ASSIGNMENT: Scan the listing below for the word "Logo" and copy every line where it occurs.

RECORDS FOR THE EXERCISE:
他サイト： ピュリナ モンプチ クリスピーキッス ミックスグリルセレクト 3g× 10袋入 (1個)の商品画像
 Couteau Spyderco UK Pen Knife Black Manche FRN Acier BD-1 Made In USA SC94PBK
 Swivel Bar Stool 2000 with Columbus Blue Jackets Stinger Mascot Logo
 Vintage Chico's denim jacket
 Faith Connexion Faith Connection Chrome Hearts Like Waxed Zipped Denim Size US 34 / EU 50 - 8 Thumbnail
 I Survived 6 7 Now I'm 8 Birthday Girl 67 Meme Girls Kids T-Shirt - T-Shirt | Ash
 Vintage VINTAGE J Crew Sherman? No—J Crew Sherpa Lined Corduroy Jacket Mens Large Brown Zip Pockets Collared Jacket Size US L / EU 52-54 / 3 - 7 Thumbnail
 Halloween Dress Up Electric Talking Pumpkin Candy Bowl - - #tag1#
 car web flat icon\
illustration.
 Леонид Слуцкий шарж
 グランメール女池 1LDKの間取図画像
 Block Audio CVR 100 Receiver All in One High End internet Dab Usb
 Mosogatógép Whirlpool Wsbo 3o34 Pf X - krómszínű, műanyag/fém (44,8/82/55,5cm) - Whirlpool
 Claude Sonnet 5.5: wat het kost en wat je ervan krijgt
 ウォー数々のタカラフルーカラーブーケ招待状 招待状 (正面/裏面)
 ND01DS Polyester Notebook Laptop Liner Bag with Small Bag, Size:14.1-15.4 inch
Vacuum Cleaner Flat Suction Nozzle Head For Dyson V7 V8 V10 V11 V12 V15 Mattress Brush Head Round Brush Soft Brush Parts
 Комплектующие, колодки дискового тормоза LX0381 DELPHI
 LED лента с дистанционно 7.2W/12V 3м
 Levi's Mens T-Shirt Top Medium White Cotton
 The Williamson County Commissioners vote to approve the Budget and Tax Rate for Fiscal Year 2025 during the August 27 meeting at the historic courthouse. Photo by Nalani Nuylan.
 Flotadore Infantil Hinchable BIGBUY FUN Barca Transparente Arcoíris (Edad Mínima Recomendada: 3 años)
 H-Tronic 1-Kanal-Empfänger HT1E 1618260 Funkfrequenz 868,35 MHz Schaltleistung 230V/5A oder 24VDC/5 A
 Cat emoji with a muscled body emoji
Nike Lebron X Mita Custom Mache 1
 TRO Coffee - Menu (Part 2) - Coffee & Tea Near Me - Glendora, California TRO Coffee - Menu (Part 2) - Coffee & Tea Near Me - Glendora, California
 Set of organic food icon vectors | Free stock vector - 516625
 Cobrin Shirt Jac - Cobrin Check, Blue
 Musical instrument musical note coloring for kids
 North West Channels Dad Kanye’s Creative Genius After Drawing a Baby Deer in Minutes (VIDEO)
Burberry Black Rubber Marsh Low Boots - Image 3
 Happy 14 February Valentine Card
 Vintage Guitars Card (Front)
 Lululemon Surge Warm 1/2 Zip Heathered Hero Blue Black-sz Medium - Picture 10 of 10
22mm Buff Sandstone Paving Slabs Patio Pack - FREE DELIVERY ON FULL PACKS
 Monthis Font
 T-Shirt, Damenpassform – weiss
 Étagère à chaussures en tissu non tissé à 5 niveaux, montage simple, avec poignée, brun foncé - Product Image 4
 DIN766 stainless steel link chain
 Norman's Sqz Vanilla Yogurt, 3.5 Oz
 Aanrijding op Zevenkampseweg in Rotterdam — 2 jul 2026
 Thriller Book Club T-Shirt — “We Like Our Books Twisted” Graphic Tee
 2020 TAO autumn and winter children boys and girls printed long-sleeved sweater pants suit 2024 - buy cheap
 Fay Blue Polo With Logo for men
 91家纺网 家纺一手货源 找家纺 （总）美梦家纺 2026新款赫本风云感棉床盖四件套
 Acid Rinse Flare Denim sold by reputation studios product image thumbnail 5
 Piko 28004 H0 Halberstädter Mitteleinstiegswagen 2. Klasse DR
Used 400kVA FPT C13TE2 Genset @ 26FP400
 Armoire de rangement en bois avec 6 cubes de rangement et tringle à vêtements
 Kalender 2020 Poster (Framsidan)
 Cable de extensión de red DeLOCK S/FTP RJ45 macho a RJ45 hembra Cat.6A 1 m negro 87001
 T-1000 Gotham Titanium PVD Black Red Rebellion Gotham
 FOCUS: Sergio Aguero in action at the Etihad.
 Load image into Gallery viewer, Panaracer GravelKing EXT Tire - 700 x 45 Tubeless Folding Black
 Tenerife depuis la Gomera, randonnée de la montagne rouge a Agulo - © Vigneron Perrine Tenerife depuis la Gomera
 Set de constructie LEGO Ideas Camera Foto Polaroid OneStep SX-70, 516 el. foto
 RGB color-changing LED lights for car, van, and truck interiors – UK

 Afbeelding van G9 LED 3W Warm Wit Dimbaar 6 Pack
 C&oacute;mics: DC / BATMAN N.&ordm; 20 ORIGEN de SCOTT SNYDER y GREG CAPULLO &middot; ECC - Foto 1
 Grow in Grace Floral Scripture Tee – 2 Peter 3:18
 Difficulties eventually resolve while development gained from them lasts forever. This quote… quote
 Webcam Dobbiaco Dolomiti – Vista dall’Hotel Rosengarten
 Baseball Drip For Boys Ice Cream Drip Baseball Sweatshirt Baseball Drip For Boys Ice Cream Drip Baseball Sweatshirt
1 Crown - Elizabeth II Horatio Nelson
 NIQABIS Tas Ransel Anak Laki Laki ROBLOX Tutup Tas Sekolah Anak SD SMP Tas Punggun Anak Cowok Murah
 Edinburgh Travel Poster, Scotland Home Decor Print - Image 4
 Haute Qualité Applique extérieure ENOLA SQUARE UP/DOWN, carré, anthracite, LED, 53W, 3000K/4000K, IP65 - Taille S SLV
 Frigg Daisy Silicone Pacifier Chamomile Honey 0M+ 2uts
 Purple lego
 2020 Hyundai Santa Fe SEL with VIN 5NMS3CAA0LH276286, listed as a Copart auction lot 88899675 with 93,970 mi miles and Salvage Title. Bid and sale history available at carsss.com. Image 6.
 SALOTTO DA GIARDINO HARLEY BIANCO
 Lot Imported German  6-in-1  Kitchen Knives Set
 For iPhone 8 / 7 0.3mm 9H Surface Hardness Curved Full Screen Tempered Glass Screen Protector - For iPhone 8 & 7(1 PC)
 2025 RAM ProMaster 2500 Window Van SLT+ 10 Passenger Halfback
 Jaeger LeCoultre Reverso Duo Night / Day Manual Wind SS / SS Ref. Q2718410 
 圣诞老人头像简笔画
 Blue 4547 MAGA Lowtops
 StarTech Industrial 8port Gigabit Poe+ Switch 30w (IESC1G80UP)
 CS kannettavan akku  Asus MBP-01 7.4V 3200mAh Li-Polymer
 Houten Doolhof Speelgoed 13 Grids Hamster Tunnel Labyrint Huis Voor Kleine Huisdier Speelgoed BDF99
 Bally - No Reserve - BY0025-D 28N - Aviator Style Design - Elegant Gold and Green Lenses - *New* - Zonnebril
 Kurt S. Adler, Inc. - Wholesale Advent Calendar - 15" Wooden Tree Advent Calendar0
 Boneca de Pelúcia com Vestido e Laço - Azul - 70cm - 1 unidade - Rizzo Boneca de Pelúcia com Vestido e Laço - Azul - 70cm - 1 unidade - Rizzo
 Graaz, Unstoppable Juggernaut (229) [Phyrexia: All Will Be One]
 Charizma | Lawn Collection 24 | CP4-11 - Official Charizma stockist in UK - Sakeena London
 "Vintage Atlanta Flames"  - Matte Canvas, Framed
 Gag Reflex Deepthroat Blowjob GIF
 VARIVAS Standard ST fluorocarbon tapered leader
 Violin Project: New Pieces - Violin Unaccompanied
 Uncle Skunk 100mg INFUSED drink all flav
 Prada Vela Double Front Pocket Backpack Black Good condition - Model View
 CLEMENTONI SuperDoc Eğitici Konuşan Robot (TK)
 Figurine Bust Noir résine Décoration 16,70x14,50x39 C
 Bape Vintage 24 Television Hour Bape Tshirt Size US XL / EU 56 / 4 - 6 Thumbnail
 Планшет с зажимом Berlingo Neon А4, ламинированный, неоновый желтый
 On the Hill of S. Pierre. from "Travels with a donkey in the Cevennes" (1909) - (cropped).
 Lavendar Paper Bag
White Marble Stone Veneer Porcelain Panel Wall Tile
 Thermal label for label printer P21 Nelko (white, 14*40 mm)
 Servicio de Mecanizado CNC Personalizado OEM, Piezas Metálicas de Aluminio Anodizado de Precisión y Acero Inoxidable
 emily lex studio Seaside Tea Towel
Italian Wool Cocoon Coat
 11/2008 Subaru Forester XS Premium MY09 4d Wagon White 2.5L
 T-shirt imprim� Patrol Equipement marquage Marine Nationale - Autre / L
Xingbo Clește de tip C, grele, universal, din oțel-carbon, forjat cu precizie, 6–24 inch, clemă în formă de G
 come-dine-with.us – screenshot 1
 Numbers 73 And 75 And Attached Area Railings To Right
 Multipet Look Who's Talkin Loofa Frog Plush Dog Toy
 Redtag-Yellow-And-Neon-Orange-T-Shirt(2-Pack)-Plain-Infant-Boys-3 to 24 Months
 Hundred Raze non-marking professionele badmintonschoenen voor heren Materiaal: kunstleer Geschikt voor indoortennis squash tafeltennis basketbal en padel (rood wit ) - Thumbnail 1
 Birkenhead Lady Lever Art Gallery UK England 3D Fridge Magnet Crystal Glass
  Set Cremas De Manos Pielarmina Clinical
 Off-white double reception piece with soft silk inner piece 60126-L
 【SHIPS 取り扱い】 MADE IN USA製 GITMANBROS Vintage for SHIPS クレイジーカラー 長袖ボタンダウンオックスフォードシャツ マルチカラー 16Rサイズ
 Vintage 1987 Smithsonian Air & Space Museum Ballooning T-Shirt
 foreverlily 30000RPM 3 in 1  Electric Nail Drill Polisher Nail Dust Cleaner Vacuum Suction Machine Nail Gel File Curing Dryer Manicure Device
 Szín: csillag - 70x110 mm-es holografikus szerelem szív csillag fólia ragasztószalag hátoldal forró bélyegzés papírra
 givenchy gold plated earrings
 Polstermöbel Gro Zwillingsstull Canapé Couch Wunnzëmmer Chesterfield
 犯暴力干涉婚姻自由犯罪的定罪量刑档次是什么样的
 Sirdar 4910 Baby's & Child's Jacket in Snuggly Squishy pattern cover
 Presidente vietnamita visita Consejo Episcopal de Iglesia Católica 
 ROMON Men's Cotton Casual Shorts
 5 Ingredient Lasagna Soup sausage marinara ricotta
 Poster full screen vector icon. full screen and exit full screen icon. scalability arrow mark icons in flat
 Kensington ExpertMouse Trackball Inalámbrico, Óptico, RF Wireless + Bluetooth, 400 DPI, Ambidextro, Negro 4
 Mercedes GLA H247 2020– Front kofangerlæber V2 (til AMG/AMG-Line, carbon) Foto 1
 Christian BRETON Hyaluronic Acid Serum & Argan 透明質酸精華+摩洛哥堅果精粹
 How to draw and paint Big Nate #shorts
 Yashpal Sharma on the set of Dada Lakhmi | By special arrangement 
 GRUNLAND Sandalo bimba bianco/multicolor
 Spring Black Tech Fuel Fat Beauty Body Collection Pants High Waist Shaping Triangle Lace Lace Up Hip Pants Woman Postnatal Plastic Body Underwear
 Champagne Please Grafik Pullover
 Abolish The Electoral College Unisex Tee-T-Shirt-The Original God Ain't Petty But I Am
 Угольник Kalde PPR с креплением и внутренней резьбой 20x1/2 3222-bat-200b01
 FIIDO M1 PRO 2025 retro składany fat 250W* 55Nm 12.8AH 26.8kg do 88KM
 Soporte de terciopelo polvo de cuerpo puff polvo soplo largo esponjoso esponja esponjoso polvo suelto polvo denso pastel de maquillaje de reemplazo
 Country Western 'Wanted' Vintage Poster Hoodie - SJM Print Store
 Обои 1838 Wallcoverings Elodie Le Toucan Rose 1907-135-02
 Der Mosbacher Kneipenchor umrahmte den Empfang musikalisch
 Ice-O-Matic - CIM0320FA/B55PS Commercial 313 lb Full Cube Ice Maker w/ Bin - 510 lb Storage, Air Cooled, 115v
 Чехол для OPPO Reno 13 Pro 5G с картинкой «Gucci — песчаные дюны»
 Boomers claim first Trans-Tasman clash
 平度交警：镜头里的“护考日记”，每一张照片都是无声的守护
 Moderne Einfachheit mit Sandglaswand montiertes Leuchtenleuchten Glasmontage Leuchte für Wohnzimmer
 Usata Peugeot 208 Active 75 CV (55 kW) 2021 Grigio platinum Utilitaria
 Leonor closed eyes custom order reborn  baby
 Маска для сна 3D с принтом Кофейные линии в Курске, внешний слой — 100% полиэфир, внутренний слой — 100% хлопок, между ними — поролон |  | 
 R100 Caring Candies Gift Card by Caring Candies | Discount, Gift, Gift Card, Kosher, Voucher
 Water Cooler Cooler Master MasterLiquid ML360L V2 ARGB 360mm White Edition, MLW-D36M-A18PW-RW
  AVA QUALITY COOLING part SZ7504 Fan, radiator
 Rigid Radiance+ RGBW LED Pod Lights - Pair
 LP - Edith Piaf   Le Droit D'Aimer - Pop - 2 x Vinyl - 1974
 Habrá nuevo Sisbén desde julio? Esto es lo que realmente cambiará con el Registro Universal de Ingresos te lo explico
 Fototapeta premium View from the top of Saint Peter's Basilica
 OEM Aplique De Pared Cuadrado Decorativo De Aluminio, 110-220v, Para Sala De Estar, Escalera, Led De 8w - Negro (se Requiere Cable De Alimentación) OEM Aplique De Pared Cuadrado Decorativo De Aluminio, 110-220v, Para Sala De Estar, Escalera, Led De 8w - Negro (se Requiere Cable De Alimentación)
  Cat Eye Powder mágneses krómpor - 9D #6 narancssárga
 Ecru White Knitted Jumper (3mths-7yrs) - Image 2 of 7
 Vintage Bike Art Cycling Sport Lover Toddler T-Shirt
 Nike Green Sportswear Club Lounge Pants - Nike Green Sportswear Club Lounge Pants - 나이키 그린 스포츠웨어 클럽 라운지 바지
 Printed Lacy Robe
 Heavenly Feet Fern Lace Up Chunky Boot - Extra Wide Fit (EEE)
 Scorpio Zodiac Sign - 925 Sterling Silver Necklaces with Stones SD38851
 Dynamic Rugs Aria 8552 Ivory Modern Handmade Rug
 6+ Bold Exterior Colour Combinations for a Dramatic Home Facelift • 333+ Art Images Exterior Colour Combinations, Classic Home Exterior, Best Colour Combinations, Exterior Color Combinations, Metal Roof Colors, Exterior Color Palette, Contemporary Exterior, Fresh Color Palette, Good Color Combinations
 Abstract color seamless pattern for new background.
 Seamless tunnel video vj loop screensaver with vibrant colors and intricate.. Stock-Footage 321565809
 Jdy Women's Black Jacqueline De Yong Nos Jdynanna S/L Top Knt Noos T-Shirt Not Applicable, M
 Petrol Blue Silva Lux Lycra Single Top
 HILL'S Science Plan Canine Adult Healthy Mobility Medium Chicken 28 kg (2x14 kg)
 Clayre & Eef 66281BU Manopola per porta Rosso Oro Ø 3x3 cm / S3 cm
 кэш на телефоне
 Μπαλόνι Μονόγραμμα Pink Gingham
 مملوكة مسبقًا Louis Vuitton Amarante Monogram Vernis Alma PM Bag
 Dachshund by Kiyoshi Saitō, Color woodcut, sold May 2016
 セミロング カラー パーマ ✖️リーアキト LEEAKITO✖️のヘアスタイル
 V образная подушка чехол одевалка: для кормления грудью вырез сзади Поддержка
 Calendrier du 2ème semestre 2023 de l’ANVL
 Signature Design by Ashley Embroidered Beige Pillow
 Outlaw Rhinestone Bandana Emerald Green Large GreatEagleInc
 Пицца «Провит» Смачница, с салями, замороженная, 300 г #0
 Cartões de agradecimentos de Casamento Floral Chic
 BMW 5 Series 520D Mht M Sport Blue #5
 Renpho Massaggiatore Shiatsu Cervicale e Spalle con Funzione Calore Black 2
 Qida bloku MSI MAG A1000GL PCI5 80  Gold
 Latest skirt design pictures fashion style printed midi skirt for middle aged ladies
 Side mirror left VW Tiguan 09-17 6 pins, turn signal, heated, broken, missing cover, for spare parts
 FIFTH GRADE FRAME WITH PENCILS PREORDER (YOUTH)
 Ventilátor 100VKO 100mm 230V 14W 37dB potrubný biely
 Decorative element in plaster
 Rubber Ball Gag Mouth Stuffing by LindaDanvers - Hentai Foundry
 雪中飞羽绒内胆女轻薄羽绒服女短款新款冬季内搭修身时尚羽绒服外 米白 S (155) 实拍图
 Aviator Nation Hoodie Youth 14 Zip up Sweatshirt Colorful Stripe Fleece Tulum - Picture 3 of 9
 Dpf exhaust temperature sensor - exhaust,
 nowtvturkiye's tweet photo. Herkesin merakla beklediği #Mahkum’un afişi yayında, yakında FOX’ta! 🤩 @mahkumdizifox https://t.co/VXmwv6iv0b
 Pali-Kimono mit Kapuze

ANSWER FOR THE TASK:
 Swivel Bar Stool 2000 with Columbus Blue Jackets Stinger Mascot Logo
 Fay Blue Polo With Logo for men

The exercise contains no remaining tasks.